Undergraduate federal borrowingValue
Share using federal loans70%
Average federal loan per year$6,524
Undergraduates with a federal loan505
Total federal loans (one year)$3,294,864

How Much Students Borrow at Martin Luther College

The middle borrower at MLC owes $16,606 in federal student loans.

Borrower groupMedian federal debt
All federal borrowers$16,606
Students who completed (graduates)$20,177
Students who withdrew$6,500

The figure for students who withdrew is worth watching: debt without a completed credential is the hardest to repay.

The Range of Student Debt at this School

Half of all borrowers fall between the 25th and 75th percentiles shown below for MLC.

PercentileCumulative Federal Debt
10th percentile (lowest-debt students)$3,500
25th percentile$6,911
75th percentile$24,500
90th percentile (highest-debt students)$30,500

How wide this percentile range is tells you how much borrowing varies across students at MLC.

Total Federal Debt With PLUS Loans for Martin Luther College

The figures above count only the students own federal loans.
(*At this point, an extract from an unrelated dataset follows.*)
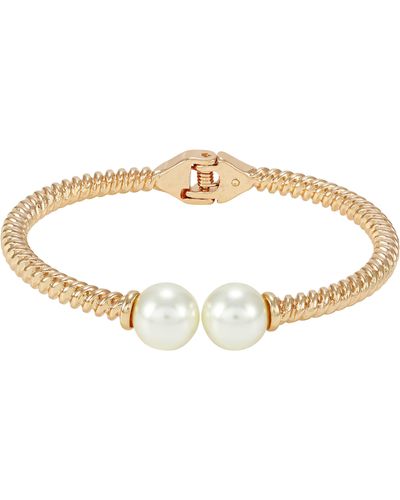 Tahari Imitation Pearl Cuff Bracelet - Metallic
Adding PLUS loans (borrowed by parents or graduate students) gives a fuller picture of total borrowing at MLC.

GroupBorrowersMedian debt incl. PLUS
All borrowers47$10,226

Stafford vs Other Federal Borrowing at Martin Luther College

The split below distinguishes Stafford borrowers from non-Stafford borrowers at MLC.

Stafford This Year vs Not

CohortBorrowersMedian debt incl. PLUS
Stafford loan this year31
No Stafford loan this year16

Repayment Burden at Martin Luther College

Repayment burden translates the debt figures into what a borrower actually pays each month. MLC.

Loan Default Rates for Martin Luther College

A loan default — failing to keep up with federal student-loan payments — is one of the worst financial outcomes a borrower can face. The official Department of Education two-year default rate for MLC is shown below.

MetricValue
2-year cohort default rate1.4%
Borrowers in the cohort141

The cohort default rate tracks borrowers who entered repayment in a given year and defaulted within the two-year measurement window.

Median Debt by Student Group at Martin Luther College

Median debt differs by income tier, first-generation status, and whether the student is financially dependent.

Borrowing by Income Tier

Income tierMedian federal debt
Low income$8,263
Middle income$17,063
High income$18,990

First-Gen vs Continuing-Gen Borrowing

CohortMedian federal debt
First-generation students$13,919
Continuing-generation students$17,500

Borrowing Gaps Between Student Groups at Martin Luther College

These pre-calculated indicators summarize the borrowing gaps between cohorts at MLC.

Student Loan Basics

Subsidized vs. Unsubsidized Loans

With an unsubsidized loan, interest starts adding up the day the loan is disbursed, including during school. Subsidized loans, by contrast, do not accrue interest while you are enrolled at least half-time, which makes them the less expensive option when you qualify.

Worth Knowing

Unlike most other debt, federal student loans generally survive bankruptcy — and unpaid balances can lead to wage garnishment — so borrow only what you truly need.

References

More about our data sources and methodologies.